Tonight's yoga class was punctuated by two teachings by Thich Nhat Hanh. One resonated soundly with me (to be honest, the chatter in my head was so distracting that I didn't hear the first teaching). The instructor read aloud a passage that explored the idea of the fleeting nature of emotion, and that in order to recognize that emotion would pass, it was important to get out of our heads, to go to our core. And, as my intention for the class was, "to clear space," this particular teaching resonated. I realized that I had been trying, unsuccessfully, to clear space in order to get to my core, and that my last series of musings have been an exploration of this.

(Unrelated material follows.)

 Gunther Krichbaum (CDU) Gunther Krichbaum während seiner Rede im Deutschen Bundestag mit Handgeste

What she also shared, was the importance of this being a practice when we are feeling solid, when there are no heavy emotions surrounding us, so that we have an ingrained practice when we are hit by waves.

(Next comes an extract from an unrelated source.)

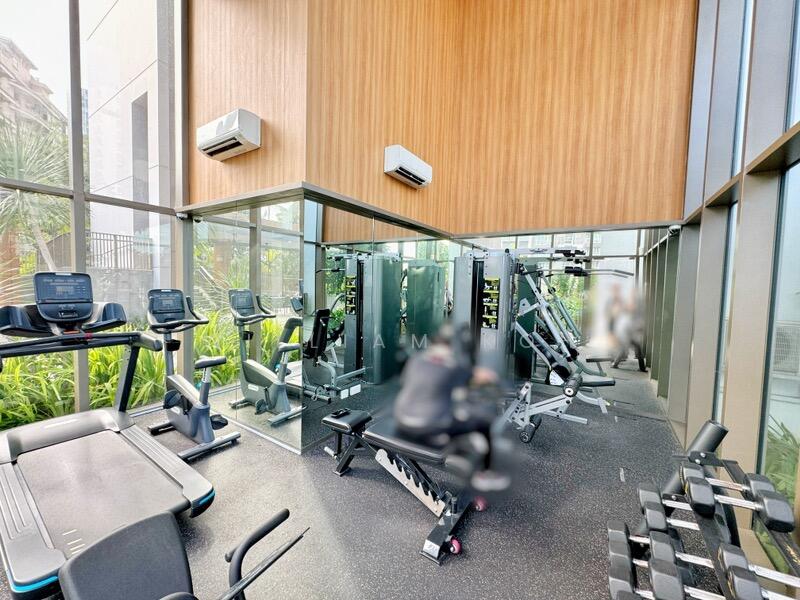 6 Derbyshire Condominium For Sale at S$ 1,950,000 | PropertyGuru Singapore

This, riding on the heals of a new workout regimen that has left most muscles in my mid-section quite sore, made me aware that I had a very physical (albeit metaphorical) reminder / awareness of my core that might help me practice stopping all emotion from bowling me over as I let it swirl around in my head.
How do we cultivate core strength? I think we begin by clearing the debris that hangs us up in the world of ego. It's possible, that we continue our practice of asking good questions and not expecting "right" answers. I think, quite possibly, we do it by thinking less and trusting more.